• Task requirements:
Could you reproduce, from the records below, everything from the line with "15491 Brianne Ct" down to the line with "All categories Nk", keeping both of those lines and changing nothing?

• Data to process:

################

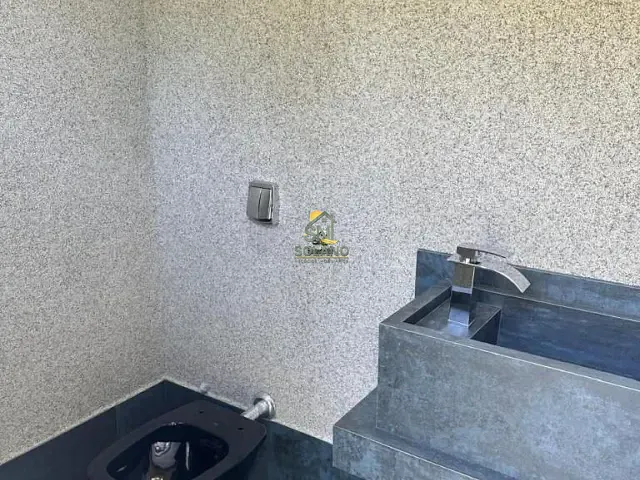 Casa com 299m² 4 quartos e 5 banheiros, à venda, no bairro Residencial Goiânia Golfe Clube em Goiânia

################

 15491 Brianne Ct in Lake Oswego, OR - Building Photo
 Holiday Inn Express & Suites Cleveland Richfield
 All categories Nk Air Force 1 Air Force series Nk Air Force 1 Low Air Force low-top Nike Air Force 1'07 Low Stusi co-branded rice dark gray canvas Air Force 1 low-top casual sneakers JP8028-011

################

• Solution:
 15491 Brianne Ct in Lake Oswego, OR - Building Photo
 Holiday Inn Express & Suites Cleveland Richfield
 All categories Nk Air Force 1 Air Force series Nk Air Force 1 Low Air Force low-top Nike Air Force 1'07 Low Stusi co-branded rice dark gray canvas Air Force 1 low-top casual sneakers JP8028-011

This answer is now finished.